911の恋迷路
台風
9月21日。
隼人と躰を重ねてから10日たった。その間、果歩の身体の変化は激しい。
鼻のそばの吹き出物が消えた。化粧のりがいい。胸の辺りから甘酸っぱいものが絶えず湧き出ている感じ。
(隼人に抱かれてから、愛されてから身体が火照るのよね)
少しずつ、男の腕に抱かれて愛されることを繰り返すことで、満たされていく果歩。
でも、心は?
「果歩、なんか変わったよね」
同僚に言われながら、果歩は受付に立つ。
池袋でクリニックの受付として、毎日同じナース姿でも、内の変化はわかるらしい。
「男できたの?」
(この言い方はイヤなんだけどね)
実は9月11日に会ってから、慎から連絡があった。
「また連絡する」という言葉を信じていなかったから、メールがあったときは素直にうれしかった。
果歩は慎とメールのやり取りを続けていた。
兄を小学生のときに失ったという慎の事を思うと胸が痛む。
慎の兄は果歩にとっても大事な存在、恋人だった。
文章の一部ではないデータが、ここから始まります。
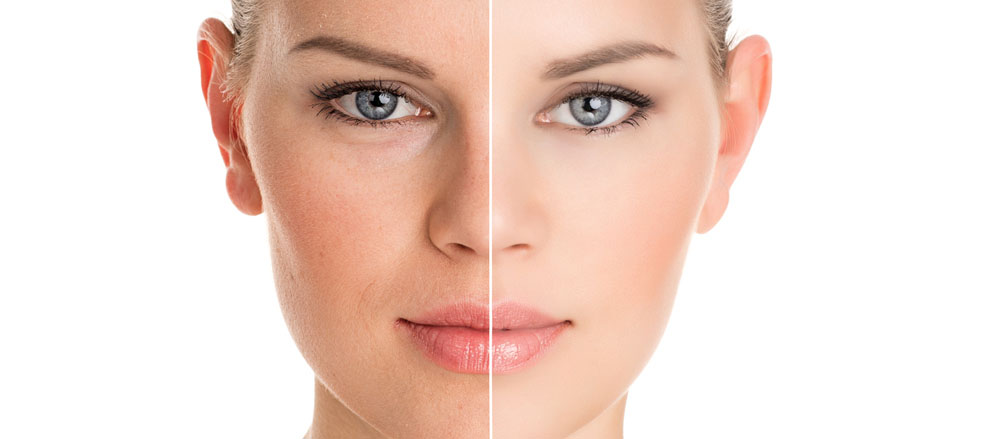 Skinboosters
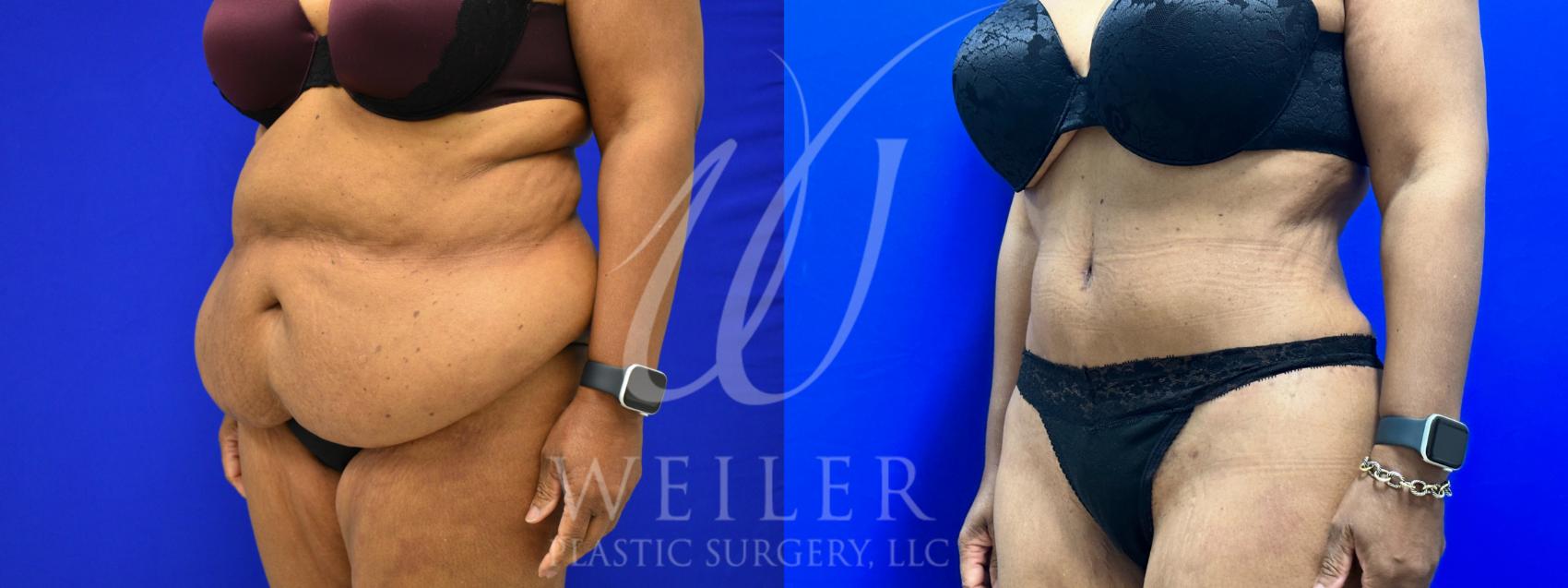 Before & After Tummy Tuck Case 1048 Left Oblique View in Baton Rouge, New Orleans, & Lafayette, Louisiana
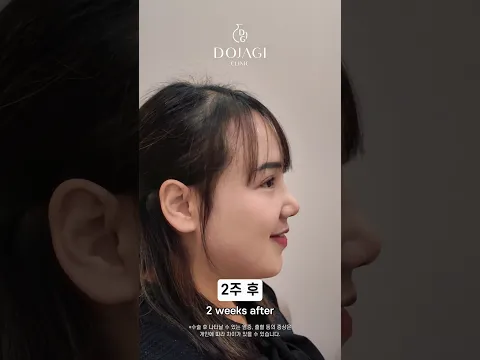 Concerned About a Blunt Nose?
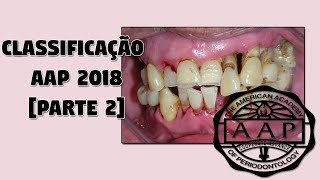 Parte 2 Classificação das Doenças Periodontais 2018  Nova Classificação da AAP 2018 [upl. by Salkcin651]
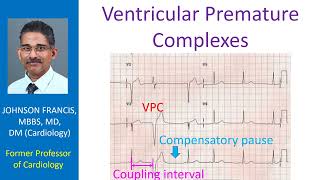 Ventricular Premature Complexes [upl. by Regazzi365]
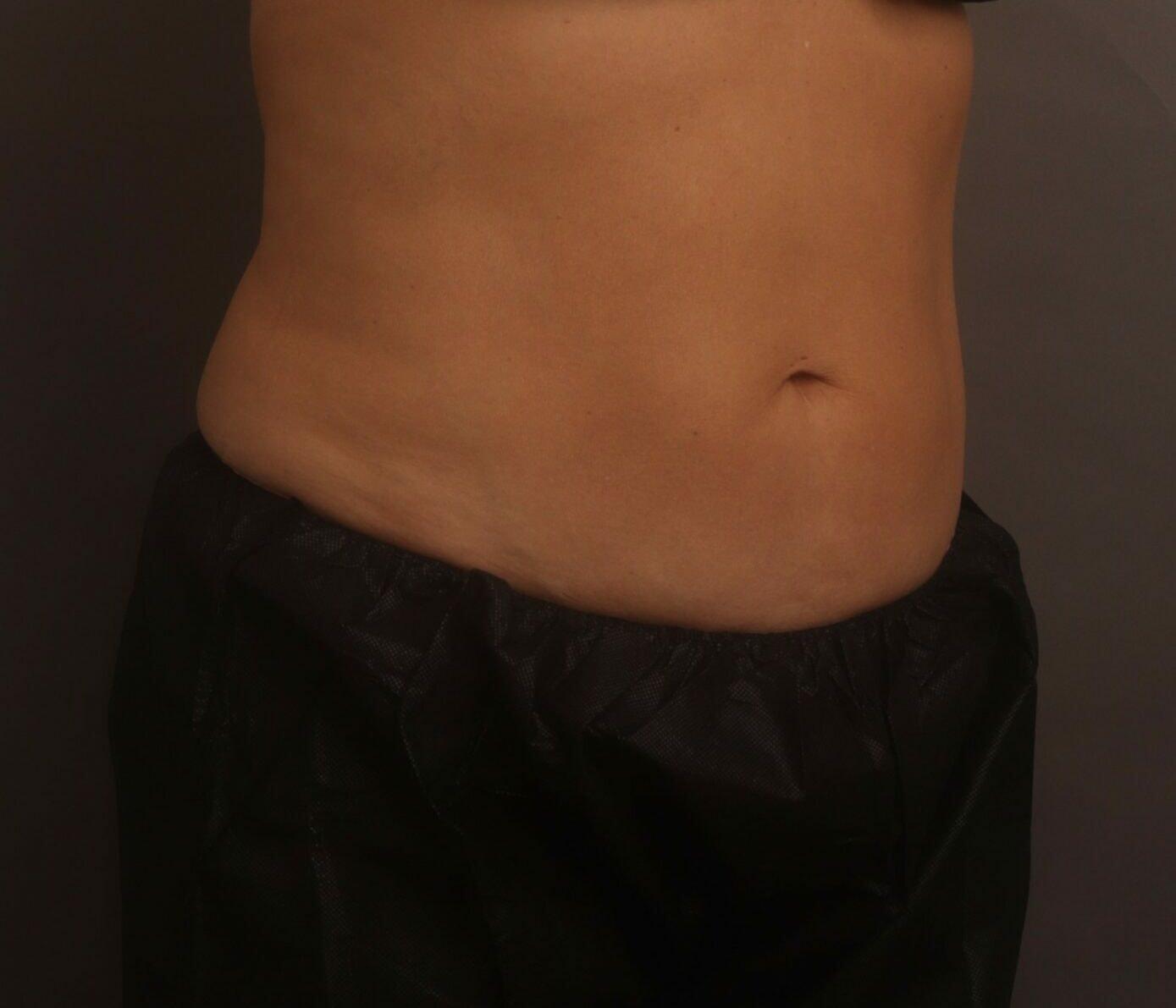 O'Neill Plastic Surgery liposuction after — Charleston, SC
東京に出てきて初めての頼れる男性。
慎と果歩は別々のところで大事な人と時間を過ごし、その人を同時に失った。
同志のような想いが生まれてきている。
(わたしたちは、同じ人に育まれてきた)
隼人が恋人になったからには、陵の事を考えるのは終わりにしなければ。
そう思えば思うほど、慎と話したくなる。
慎が知っている陵の姿を聞きたくなる。